TheAncientGeek comments on Heroin model: AI “manipulates” “unmanipulatable” reward

TheAncientGeek 22 Sep 2016 14:46 UTC
3 points
1. The idea of that more information can make an AI’s inferences worse is surprising. But the idea that the assumption that humans have a unchanging, neatly hierarchical UF is known to be a bad idea, so it is not so surprising that it leads to bad results. In short, this is still a bit clown-car-ish.
2. Would you tell an AI that Heroin is Bad, but not tell here that Manipulation is Bad?
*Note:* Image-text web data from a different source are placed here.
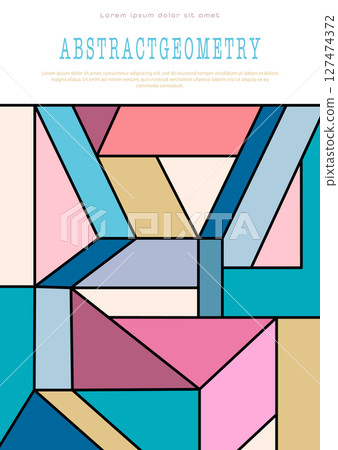 Geometric abstraction. Colorful mosaic of geometric shapes. Background template for covers, design and creative ideas Geometric abstraction. Colorful mosaic of geometric shapes. Background template for covers, design and creative ideas 127474372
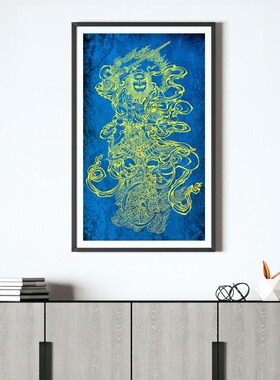 道家王灵官diy描金涂色画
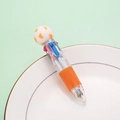 Cartoon football multi-color ballpoint pen with orange grip and stress-relief top - Orange Soccer Style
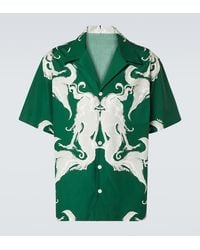 Valentino - Printed Cotton Poplin Bowling Shirt - Lyst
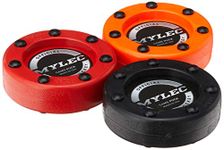 Mylec Roller Puck Variety 3 Pack Roller Hockey Pucks, Red/Orange/Black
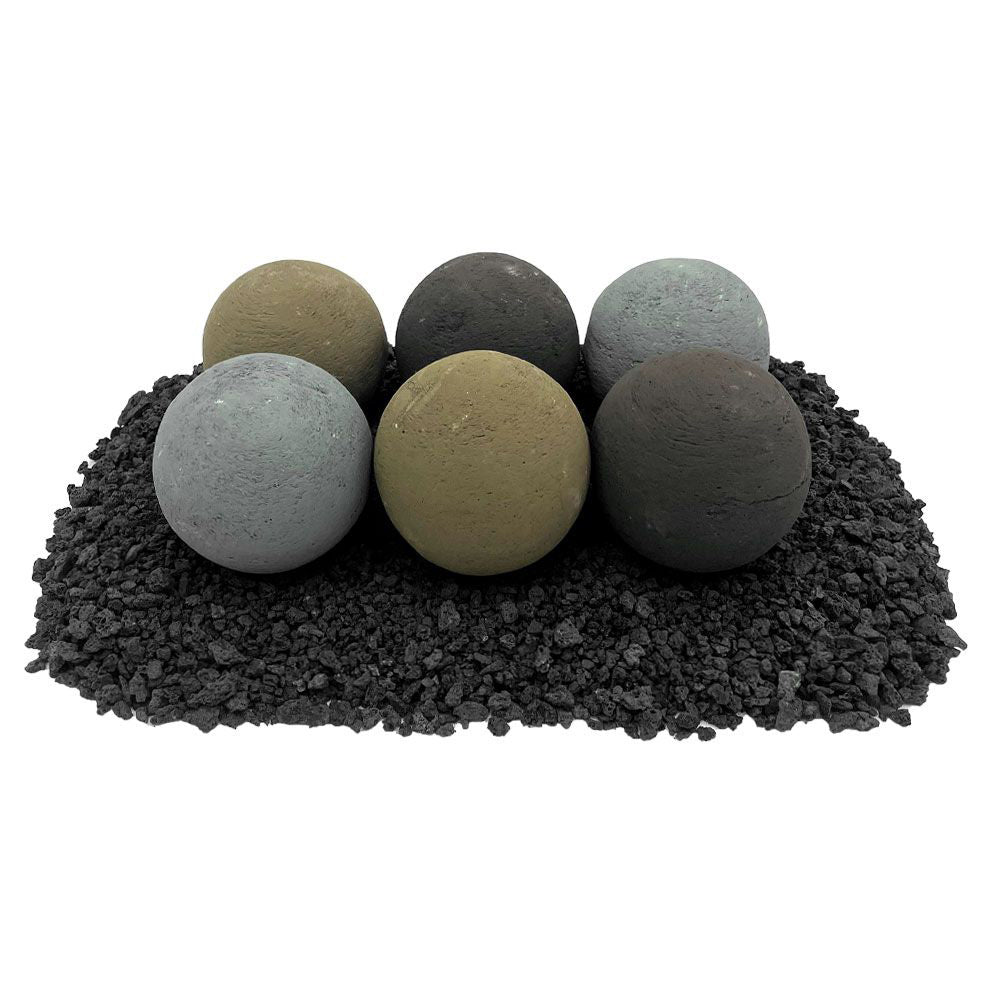 American Fire Glass Lite Stone Balls, 6 Stone Set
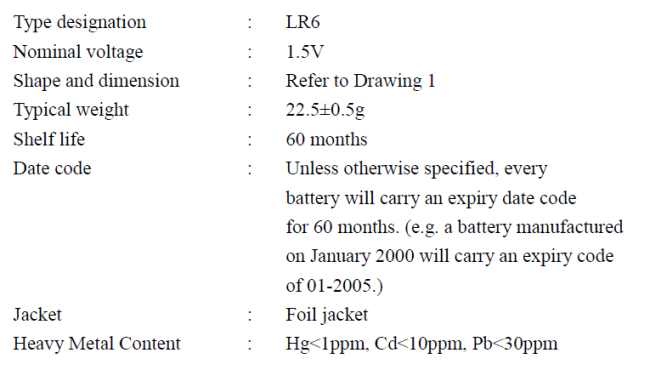 LR6 primary battery AA cylindrical dry battery AA 1.5V battery OEM 0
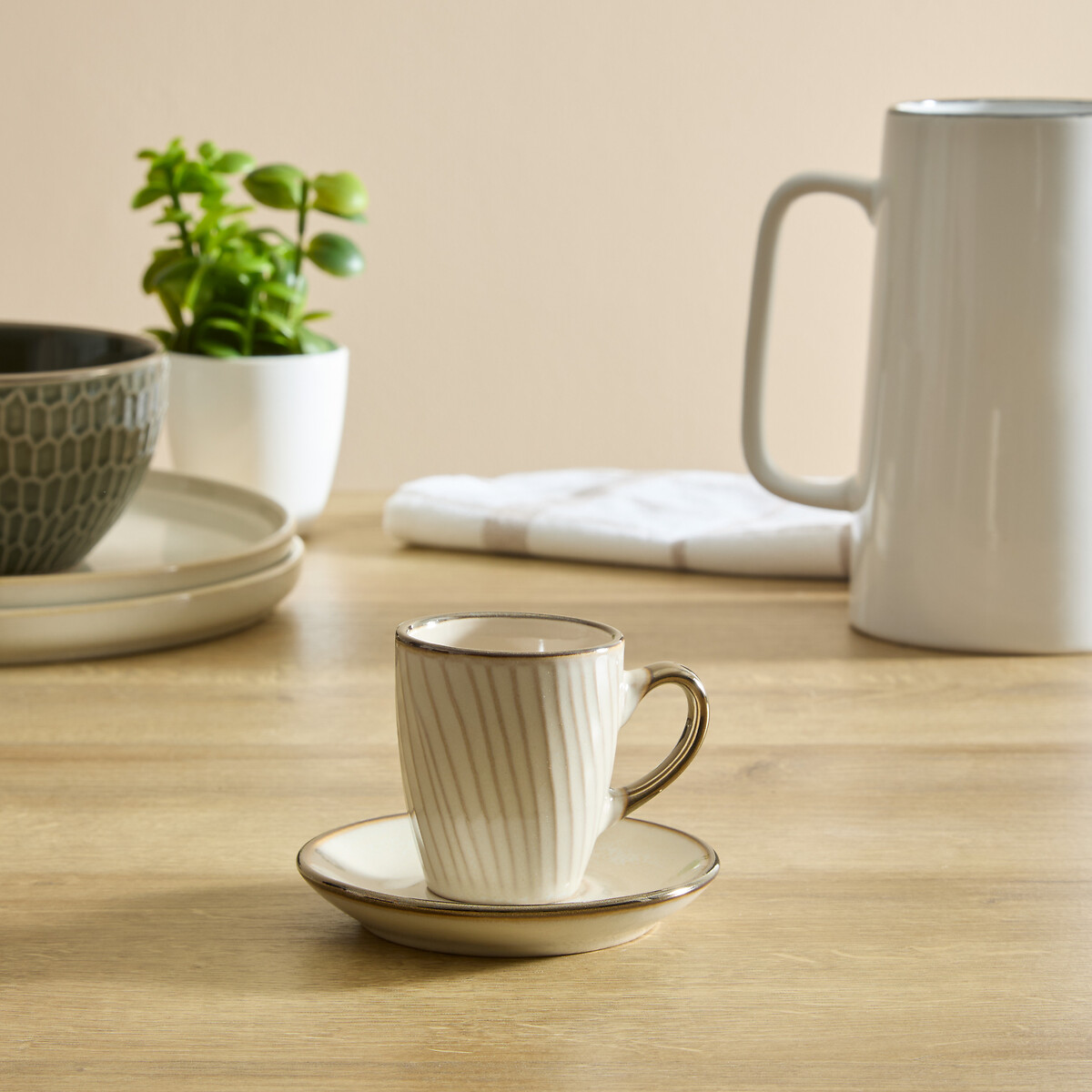 Conjunto de 2 ch&aacute;venas de caf&eacute; ELLA branca 9cl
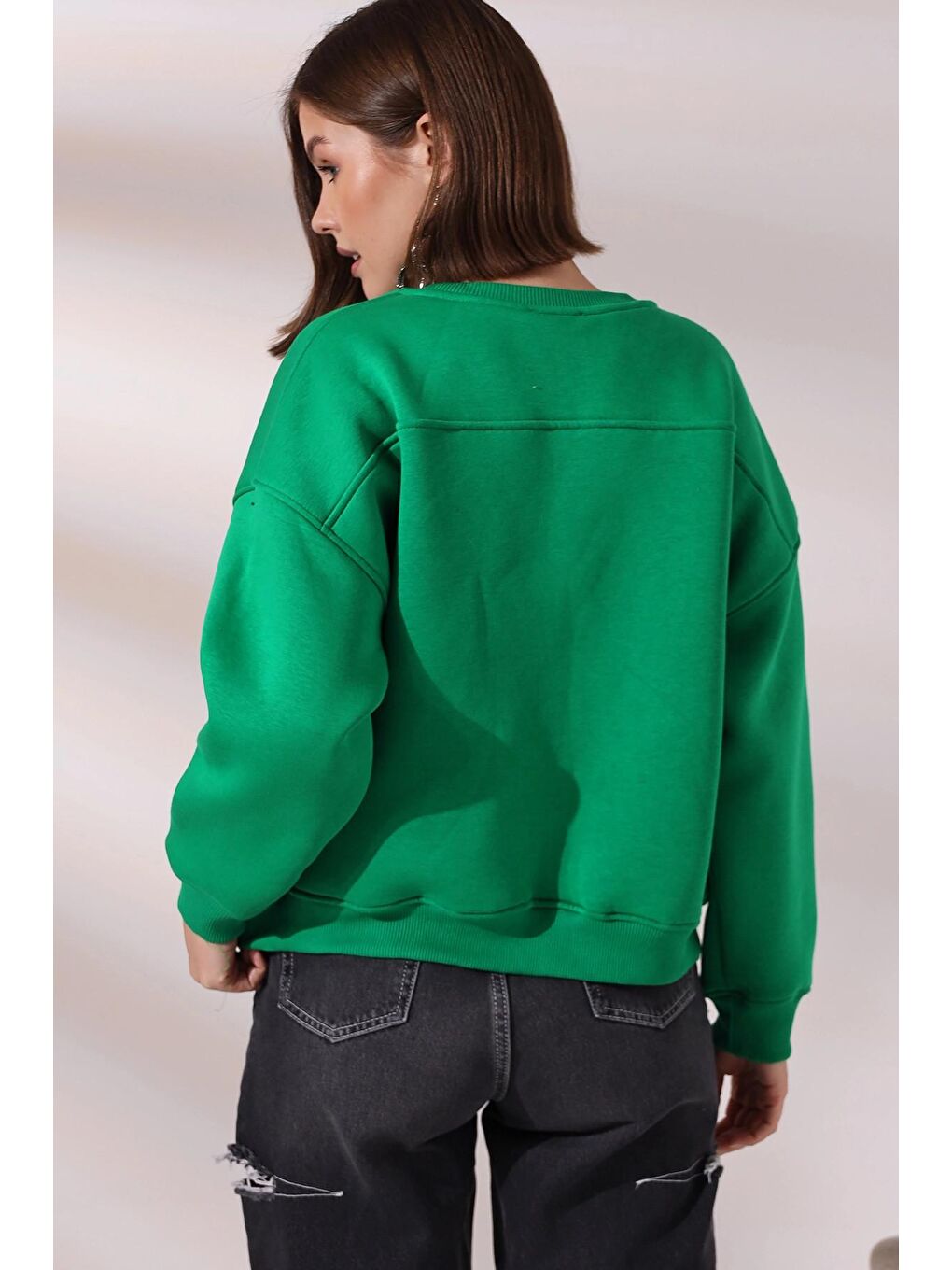 Yeşil Köpek Baskılı Sweatshirt-4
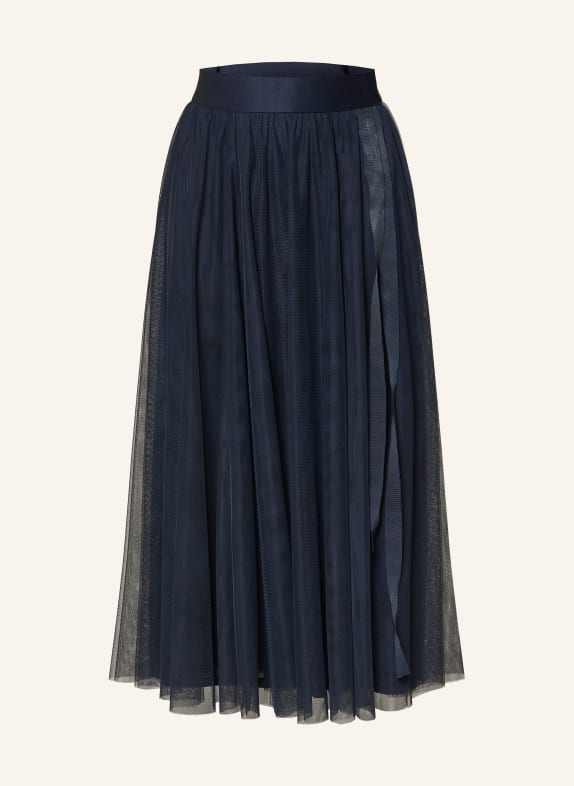 V by Vera Mont tylová sukně TMAVĚ MODRÁ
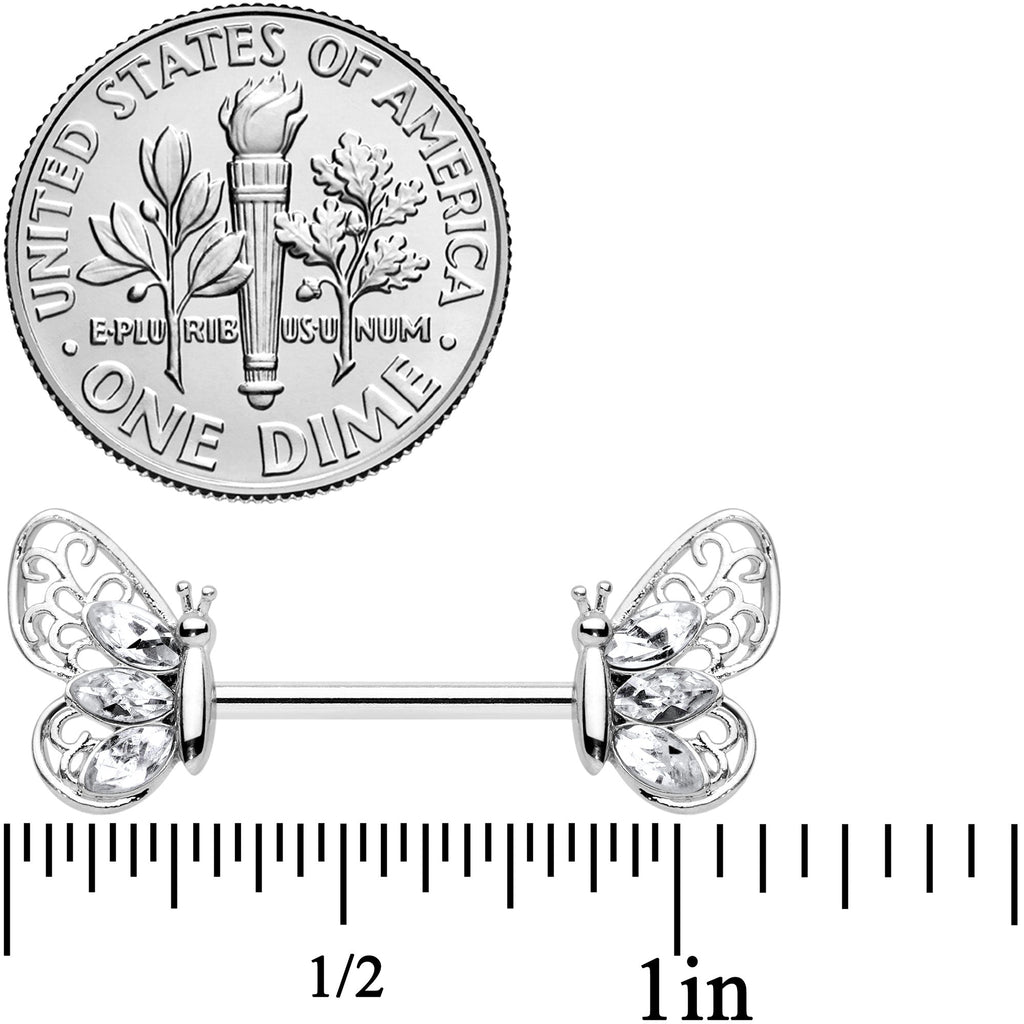BodyCandy 14G 9/16 Clear Gem Lacy Butterfly Barbell Nipple Ring Set — detail close-up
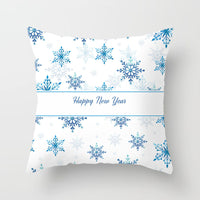 HKM-408787 European and American Christmas Snowflake Digital Printing Polyester Pillowcase 45x45 cm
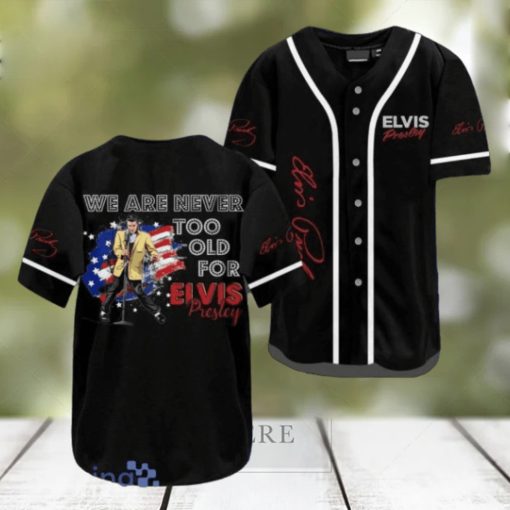 Elvis Presley With America Flag Black Jersey Baseball Shirt Style Gift Shirt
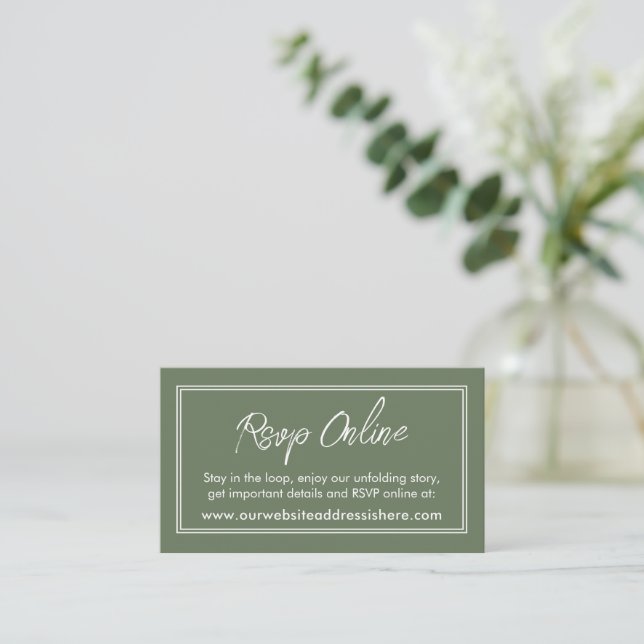 Double-Bordered Olive Green RSVP Online Enclosure Card (Standing Front)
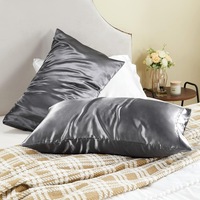 Taie d'oreiller en satin de soie personnalisée avec logo, housse d'oreiller unie en satin de soie, taie d'oreiller d'été avec fermeture à enveloppe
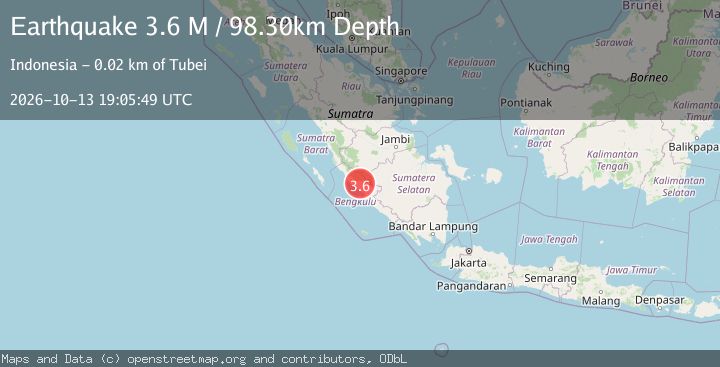 Map of Southern Sumatra, Indonesia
- Stuart_Armstrong 23 Sep 2016 9:48 UTC
  2 points
  Parent
  1. Don’t worry, I’m going to be adding depth to the model. But note that the AI’s predictive accuracy is never in doubt. This is sort of a reverse “can’t derive an ought from as is”; here, you can’t derive a wants from a did. The learning agent will only get the correct human motivation (if such a thing exists) if it has the correct model of what counts as desires for a human. Or some way of learning this model, which is what I’m looking at (again, there’s a distinction between learning a model that gives correct prediction of human actions, and learning a mode that gives what we would call a correct model of human motivation).
  2. According to its model, the AI is not being manipulative here, simply doing what the human desires indicate it should.